Let $f\colon \mathbb{R} \to \mathbb{R}$ be a differentiable function. Let us define the "discrete derivative"
$$ \Delta f( x) = f(x + 1) - f( x ) $$
and recursively $\Delta ^n f\left( x \right) = \Delta \left( {\Delta ^{n - 1} f\left( x \right)} \right)$ for all $n\geq 1$.
Is there some simple relation between $\Delta ^n f$ and the standard derivative $f^{(n)}$? Can we write a Taylor series expansion (say about 0) of $f$ in terms of discrete derivatives?

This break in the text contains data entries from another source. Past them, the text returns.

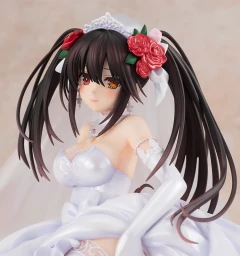 Фигурка Light Novel Edition Kurumi Tokisaki: Wedding Dress Ver. изображение 2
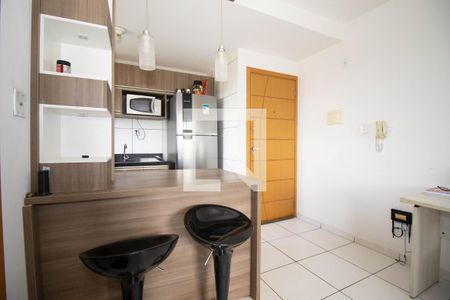 Sala de apartamento para alugar com 1 quarto, 33m² em Samambaia, Brasília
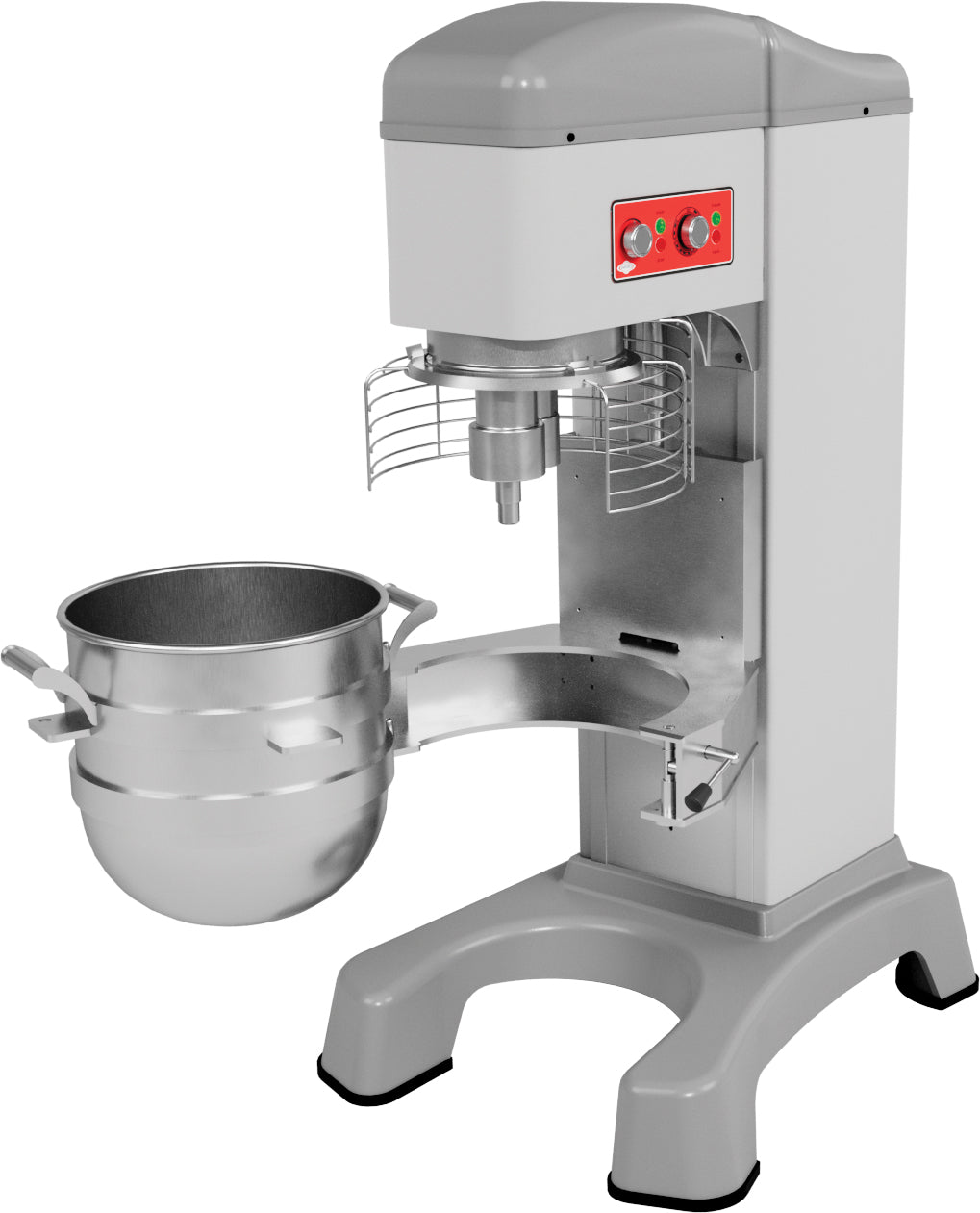 Empero EMP.MK.60-USA Heavy-Duty Variable-Speed Commercial Mixer – 60 Liter, Electric Bowl Lift, 240V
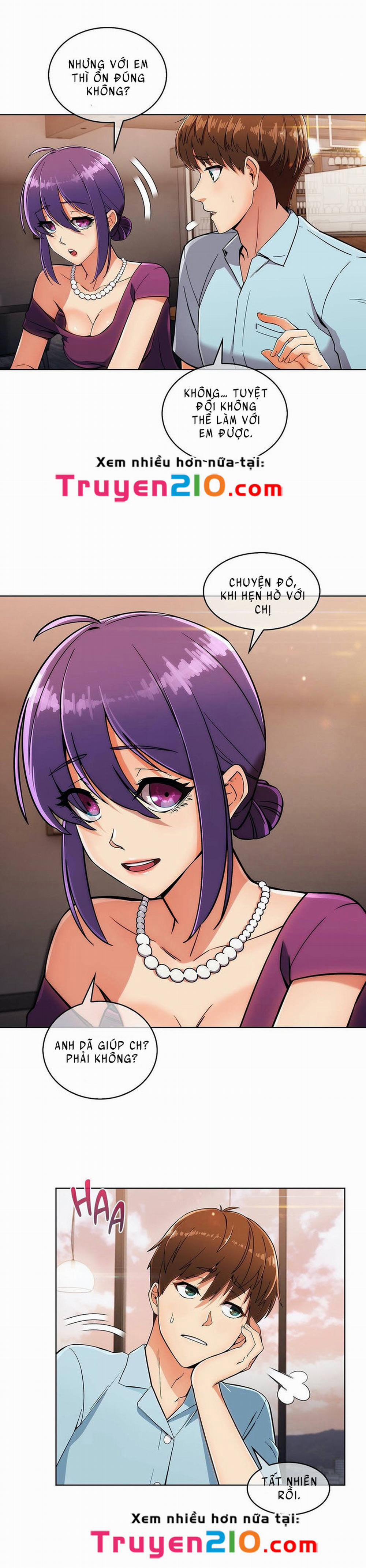 Chân Tình Của Min Hyuk 7 trang 14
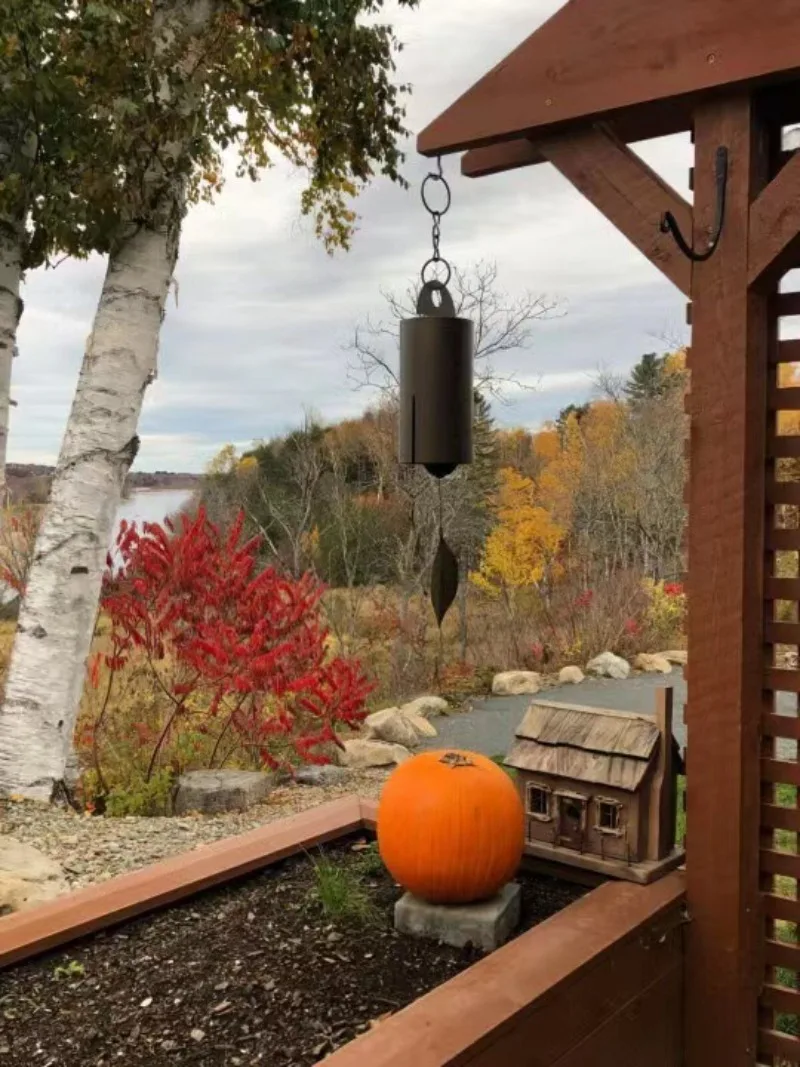 Героический Ветер Металлические Колокольчики Уличный Подвесной Дверной Звонок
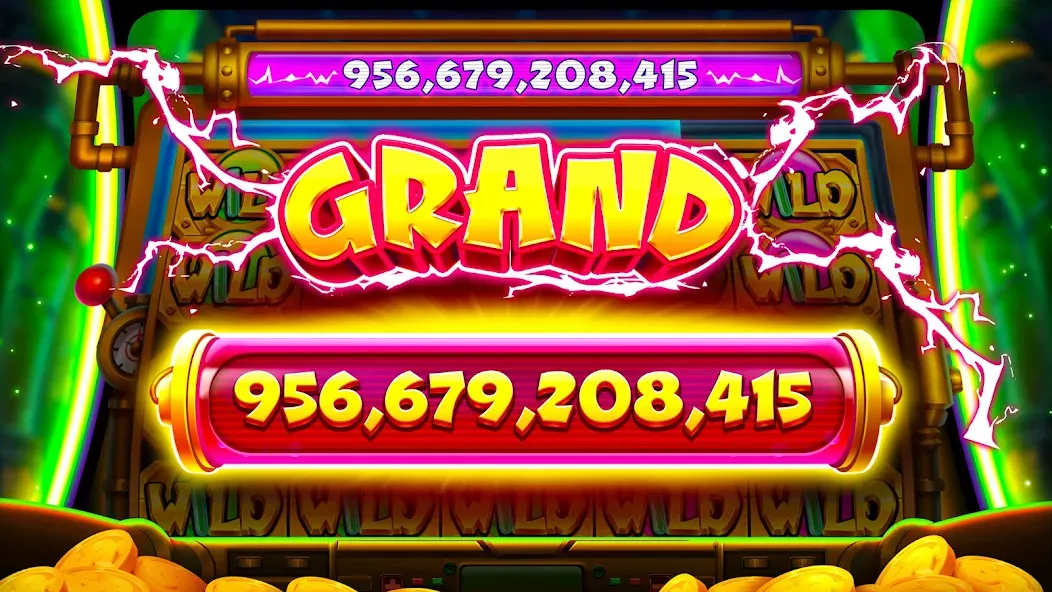 Jackpot Master™ Slots - Casino (Джекпот Мастер Слоты)  [МОД Menu] Screenshot 4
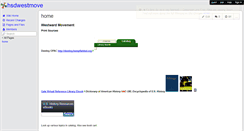 Desktop Screenshot of hsdwestmove.wikispaces.com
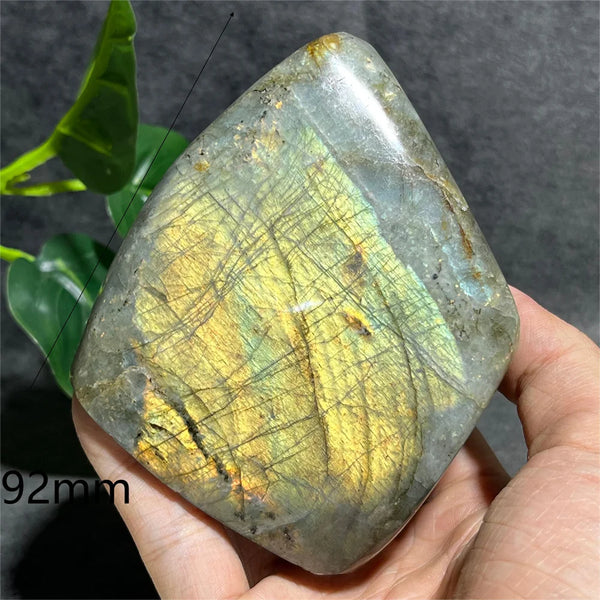 Blue Labradorite Crystal-ToShay.org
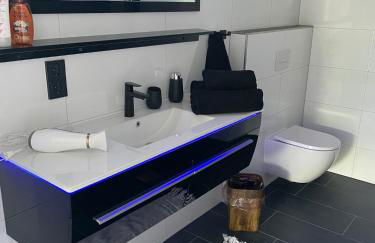 Apartments Saaldorf-Ferienhaus mit 6 Apartments 45qm-120qm direkt am Thüringer Meer-Bleilochtalsperre - Foto 46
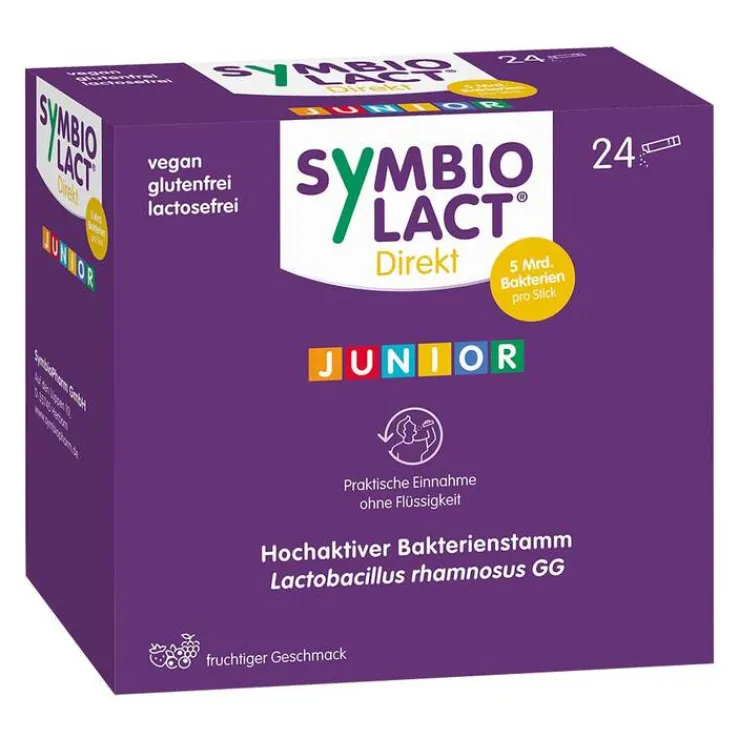 Symbiolact Direkt Junior Pulver Sticks, 24X1 g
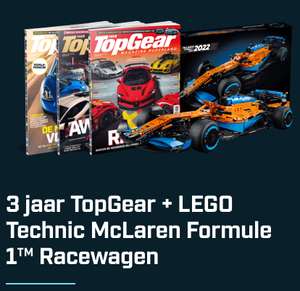 Drie jaar Top Gear en de LEGO Technic McLaren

Yes, using the Stirling numbers one has $$ \frac{1}{k!} \frac{d^k}{dx^k} f(x) = \sum_{n=k}^{\infty} \frac{s(n,k)}{n!} \Delta^{n} f(x) $$ and $$ \frac{1}{k!} \Delta^{k} f(x) = \sum_{n=k}^{\infty} \frac{S(n,k)}{n!} \frac{d^n}{dx^n} f(x)$$
Edit: The Newton Series are defined as $$ f(x) = \sum_{k=0}^{\infty} \binom{x-a}{k} \: \Delta^k f(a) $$ some examples include: $$ \sum_{k=0}^{\infty} (-1)^k \binom{n}{2k} = 2^{\frac{n}{2}} \: \cos(\frac{\pi n}{4}) \\ \sum_{k=1}^{\infty} \frac{(-1)^{k+1}}{k} \binom{n}{k} = H_n $$ where $H_n$ are the Harmonic numbers.